**THE PROBLEM**
Only the lines from the one containing "Corazones en Circonias en Oro 10K" through the end of the records should be retyped, exactly and including both ends; pictures stay out.
*** INFORMATION SUPPLIED ***
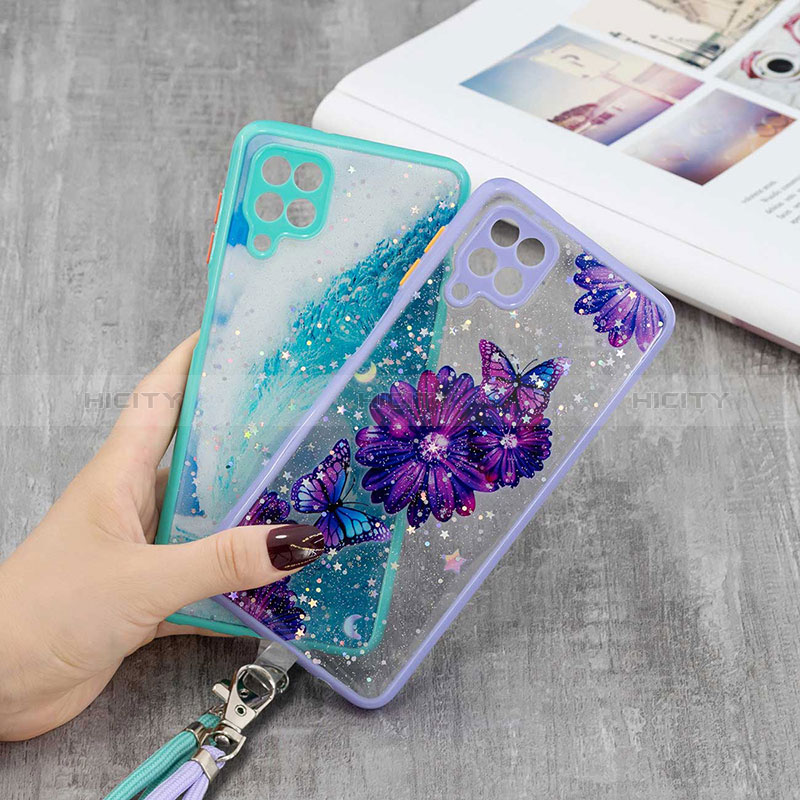 Coque Silicone Motif Fantaisie Souple Couleur Unie Etui Housse avec Laniere Strap Y01X pour Samsung Galaxy A12 Nacho Plus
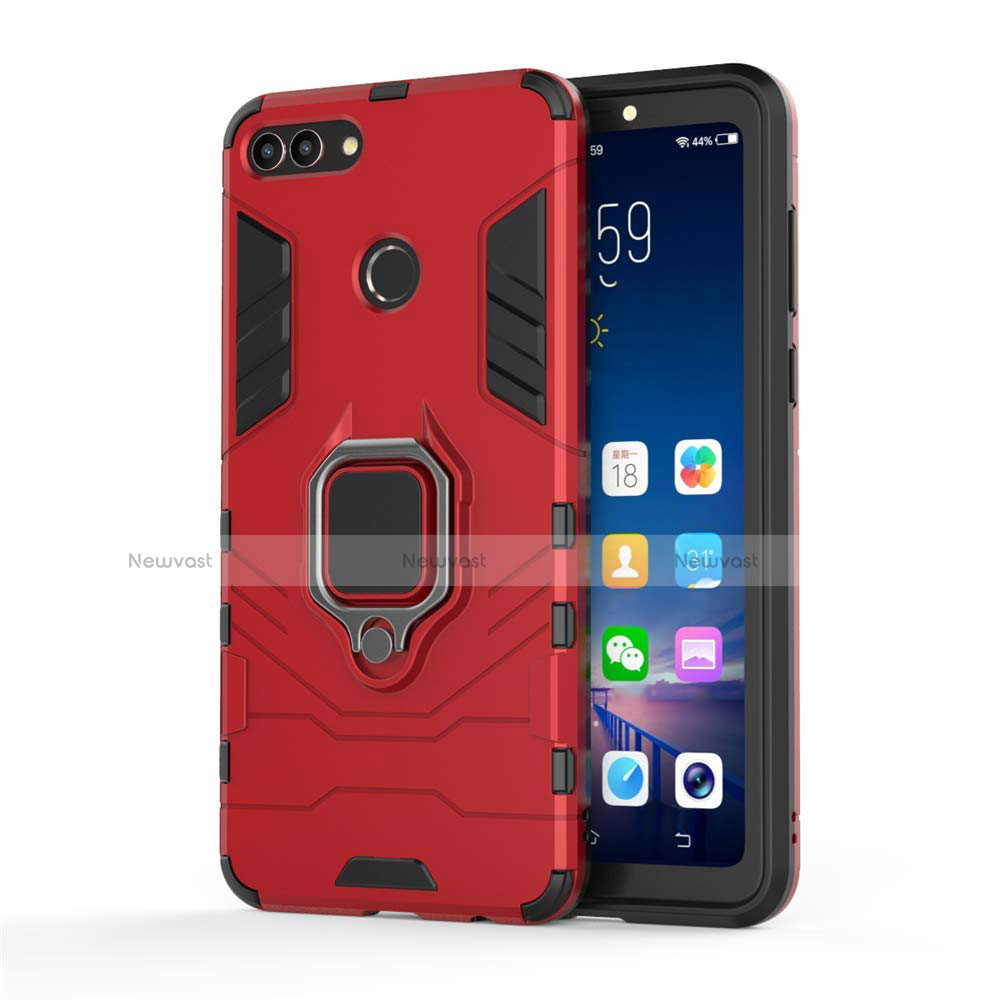 Silicone Matte Finish and Plastic Back Cover Case with Magnetic Stand for Huawei Y9 (2018)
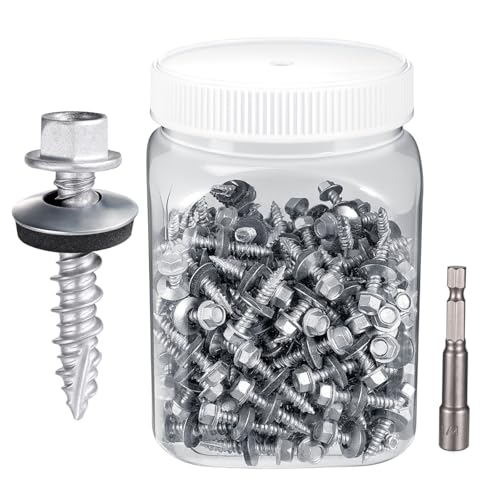 300Pcs Silver #10x1 Metal Roofing Screws for Metal Roofs, Sheds,Fences #10x1" 300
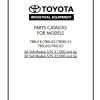 Toyota Forrklift 7BRU18 7BRU23 7BDRU15 7BSU25 7BSU20 Service Manual Parts Catalog
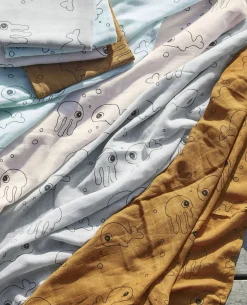 Stofbleer, Nusseklude & Babytæpper|DoneByDeer Done By Deer Stofble Sea Friends 120x120 2-pak, Powder Lyserød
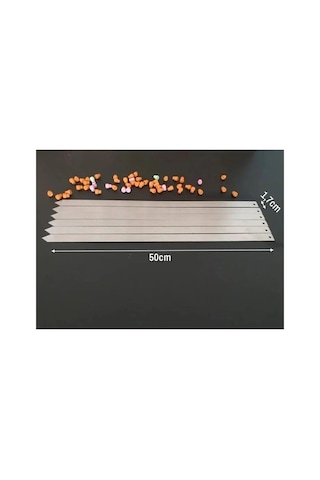 Bev Kitchen 6 Adet Profesyonel Metal Kıyma Şiş Adana-urfa-antep Kebap Şişi Gri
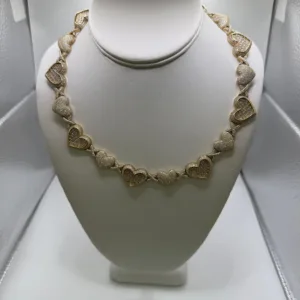 Corazones en Circonias en Oro 10K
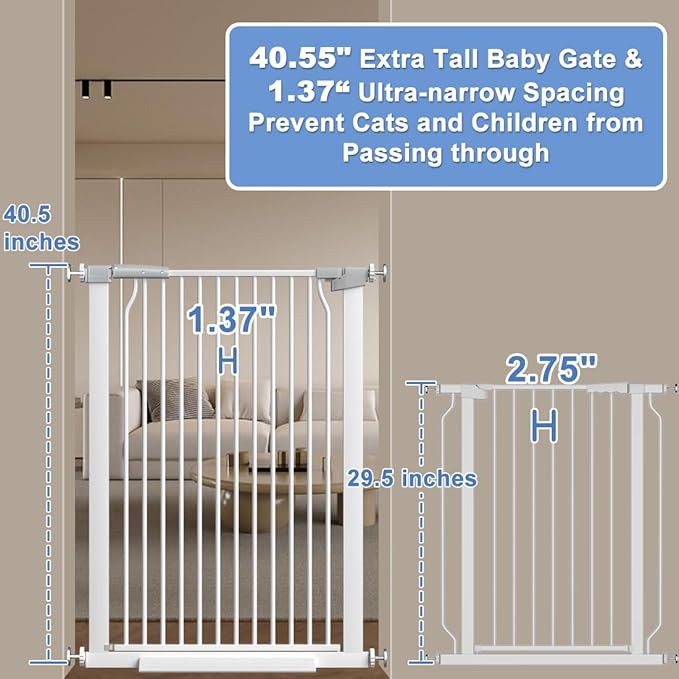 40.55" Extra Tall Baby Gate for Stairs-54.8"-60.2" Wide 1.37" Ultra Narrow Spacing Extra Wide Pet Cat Gate Dog Gate-Auto-Close Pressure Mounted Dog Door for Pets and Kids,White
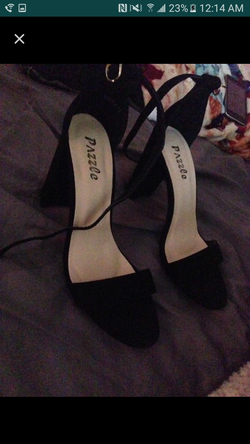 black thick heels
*** End of INFORMATION SUPPLIED ***
**EXERCISE RESULT**
 Corazones en Circonias en Oro 10K
 40.55" Extra Tall Baby Gate for Stairs-54.8"-60.2" Wide 1.37" Ultra Narrow Spacing Extra Wide Pet Cat Gate Dog Gate-Auto-Close Pressure Mounted Dog Door for Pets and Kids,White
 black thick heels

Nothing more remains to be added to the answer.